Task statement ▸ Only one stretch of the data below is needed. Output the lines from the one with "美品 ハナエモリ HANAE MORI シルク 混 秋冬 向き レディース 用" up to and including the one with "F. Schumacher Greek", exactly as they stand.

Scraped caption text data
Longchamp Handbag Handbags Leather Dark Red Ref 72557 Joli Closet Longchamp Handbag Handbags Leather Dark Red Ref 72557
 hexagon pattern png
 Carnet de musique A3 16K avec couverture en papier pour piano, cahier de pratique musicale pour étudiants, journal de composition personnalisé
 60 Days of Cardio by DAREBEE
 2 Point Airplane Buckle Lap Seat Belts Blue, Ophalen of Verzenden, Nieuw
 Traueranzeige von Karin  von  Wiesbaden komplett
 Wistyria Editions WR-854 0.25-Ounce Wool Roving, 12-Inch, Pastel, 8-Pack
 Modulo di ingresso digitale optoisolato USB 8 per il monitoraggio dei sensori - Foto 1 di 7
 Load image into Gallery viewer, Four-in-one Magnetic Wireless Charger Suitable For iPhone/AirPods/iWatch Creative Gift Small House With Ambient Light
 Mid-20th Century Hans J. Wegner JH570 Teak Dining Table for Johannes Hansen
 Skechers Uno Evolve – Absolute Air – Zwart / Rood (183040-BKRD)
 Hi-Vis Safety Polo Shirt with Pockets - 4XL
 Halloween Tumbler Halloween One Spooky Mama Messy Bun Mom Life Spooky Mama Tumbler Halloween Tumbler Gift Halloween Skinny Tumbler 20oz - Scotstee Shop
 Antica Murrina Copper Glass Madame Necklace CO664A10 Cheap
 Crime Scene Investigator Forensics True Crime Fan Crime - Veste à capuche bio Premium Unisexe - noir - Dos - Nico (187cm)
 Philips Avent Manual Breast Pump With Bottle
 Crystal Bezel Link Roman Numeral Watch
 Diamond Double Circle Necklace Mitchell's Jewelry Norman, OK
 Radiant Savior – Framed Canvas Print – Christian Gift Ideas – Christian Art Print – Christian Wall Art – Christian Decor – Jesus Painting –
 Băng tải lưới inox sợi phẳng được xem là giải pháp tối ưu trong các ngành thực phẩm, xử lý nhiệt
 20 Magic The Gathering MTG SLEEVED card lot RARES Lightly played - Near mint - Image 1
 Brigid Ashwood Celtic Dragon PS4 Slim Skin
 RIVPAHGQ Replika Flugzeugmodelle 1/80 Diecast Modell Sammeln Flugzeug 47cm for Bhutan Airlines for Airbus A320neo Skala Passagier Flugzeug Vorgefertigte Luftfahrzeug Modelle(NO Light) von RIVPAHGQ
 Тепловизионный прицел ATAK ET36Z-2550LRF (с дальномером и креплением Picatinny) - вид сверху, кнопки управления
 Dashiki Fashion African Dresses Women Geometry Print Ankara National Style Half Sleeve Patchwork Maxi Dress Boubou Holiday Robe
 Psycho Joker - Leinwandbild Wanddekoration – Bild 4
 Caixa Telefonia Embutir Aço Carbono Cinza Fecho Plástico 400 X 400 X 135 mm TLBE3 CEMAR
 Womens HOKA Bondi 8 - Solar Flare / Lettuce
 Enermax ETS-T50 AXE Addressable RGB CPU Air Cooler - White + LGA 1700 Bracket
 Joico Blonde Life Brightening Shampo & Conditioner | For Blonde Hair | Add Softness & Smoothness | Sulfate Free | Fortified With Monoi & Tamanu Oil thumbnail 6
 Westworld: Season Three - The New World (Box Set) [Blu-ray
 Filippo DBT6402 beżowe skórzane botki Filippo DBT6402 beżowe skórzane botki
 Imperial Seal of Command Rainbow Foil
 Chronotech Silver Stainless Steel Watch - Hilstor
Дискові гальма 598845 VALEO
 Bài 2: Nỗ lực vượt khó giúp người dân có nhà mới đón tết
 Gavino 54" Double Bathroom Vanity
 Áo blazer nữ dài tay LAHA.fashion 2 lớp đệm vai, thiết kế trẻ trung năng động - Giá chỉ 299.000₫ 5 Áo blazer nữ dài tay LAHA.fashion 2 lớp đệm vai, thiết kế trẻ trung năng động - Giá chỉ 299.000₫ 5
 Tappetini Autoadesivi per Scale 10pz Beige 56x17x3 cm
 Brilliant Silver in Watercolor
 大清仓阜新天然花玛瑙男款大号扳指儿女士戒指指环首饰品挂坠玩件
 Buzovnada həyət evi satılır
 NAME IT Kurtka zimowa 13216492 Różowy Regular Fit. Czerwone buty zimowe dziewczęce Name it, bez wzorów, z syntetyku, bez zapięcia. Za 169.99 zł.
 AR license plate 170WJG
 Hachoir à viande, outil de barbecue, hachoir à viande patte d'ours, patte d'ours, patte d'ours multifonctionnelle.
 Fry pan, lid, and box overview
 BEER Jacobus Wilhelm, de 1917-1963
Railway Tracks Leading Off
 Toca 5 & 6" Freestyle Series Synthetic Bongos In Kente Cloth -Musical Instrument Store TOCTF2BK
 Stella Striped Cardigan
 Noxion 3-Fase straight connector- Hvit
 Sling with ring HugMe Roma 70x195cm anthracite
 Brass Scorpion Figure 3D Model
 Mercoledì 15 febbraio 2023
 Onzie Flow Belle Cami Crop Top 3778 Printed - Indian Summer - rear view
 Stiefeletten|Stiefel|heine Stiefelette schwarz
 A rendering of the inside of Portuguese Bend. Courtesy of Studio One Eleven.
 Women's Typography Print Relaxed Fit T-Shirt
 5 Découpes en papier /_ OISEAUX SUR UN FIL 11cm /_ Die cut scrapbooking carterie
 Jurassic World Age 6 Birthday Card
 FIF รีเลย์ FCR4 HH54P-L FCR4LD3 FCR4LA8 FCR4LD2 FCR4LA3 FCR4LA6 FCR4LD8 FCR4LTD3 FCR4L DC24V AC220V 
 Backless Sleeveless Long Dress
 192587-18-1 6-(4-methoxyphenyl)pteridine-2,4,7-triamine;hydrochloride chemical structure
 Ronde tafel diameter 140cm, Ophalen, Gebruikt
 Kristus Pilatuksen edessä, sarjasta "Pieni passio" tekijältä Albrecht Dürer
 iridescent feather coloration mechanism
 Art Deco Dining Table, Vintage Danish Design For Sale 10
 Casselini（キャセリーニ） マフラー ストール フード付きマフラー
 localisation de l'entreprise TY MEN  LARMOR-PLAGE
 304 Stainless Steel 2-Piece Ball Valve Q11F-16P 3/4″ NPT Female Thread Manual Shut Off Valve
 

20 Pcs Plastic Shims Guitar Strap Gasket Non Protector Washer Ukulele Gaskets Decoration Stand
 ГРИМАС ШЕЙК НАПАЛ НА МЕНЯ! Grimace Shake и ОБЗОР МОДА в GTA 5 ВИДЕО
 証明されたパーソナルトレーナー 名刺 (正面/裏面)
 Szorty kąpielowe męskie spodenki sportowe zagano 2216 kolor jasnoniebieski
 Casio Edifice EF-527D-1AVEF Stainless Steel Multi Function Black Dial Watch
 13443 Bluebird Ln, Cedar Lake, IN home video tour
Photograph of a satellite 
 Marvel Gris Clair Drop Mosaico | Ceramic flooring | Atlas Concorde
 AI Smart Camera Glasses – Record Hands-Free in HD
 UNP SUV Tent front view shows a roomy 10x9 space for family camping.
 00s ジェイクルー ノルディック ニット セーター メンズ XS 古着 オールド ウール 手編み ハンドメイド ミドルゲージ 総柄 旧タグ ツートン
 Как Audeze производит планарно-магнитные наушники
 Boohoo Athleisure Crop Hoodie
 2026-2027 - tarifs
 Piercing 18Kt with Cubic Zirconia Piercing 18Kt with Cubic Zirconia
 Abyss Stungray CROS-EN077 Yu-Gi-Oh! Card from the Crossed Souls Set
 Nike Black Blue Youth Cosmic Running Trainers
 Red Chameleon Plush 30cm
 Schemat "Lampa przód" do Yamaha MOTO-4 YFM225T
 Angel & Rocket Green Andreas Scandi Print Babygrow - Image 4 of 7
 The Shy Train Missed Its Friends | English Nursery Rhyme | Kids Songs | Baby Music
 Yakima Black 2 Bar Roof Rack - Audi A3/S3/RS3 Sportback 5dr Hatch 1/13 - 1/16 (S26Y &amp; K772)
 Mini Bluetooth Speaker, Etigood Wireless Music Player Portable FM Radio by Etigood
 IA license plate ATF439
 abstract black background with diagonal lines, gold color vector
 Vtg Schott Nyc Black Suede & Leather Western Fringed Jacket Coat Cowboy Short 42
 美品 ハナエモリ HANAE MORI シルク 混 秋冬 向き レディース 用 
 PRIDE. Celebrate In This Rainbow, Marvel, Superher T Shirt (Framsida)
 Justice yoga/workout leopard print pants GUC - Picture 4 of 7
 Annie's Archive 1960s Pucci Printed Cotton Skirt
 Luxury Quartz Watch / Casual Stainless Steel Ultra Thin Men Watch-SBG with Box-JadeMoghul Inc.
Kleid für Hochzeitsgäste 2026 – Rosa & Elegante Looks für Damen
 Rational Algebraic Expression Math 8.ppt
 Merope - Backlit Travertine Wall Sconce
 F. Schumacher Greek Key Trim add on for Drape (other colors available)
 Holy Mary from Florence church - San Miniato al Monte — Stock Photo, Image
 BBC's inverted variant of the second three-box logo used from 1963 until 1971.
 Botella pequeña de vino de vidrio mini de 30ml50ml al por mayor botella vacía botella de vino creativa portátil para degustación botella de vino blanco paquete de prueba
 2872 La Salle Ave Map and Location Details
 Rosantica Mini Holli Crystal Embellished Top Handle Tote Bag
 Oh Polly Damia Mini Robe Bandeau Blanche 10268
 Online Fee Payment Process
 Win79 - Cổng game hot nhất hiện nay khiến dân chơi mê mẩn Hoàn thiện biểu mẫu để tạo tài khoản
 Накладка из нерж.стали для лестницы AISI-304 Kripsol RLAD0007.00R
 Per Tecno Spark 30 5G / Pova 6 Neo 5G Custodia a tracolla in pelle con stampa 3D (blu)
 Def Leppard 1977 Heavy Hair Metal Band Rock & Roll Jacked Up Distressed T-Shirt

Exercise solution ▸
 美品 ハナエモリ HANAE MORI シルク 混 秋冬 向き レディース 用 
 PRIDE. Celebrate In This Rainbow, Marvel, Superher T Shirt (Framsida)
 Justice yoga/workout leopard print pants GUC - Picture 4 of 7
 Annie's Archive 1960s Pucci Printed Cotton Skirt
 Luxury Quartz Watch / Casual Stainless Steel Ultra Thin Men Watch-SBG with Box-JadeMoghul Inc.
Kleid für Hochzeitsgäste 2026 – Rosa & Elegante Looks für Damen
 Rational Algebraic Expression Math 8.ppt
 Merope - Backlit Travertine Wall Sconce
 F. Schumacher Greek Key Trim add on for Drape (other colors available)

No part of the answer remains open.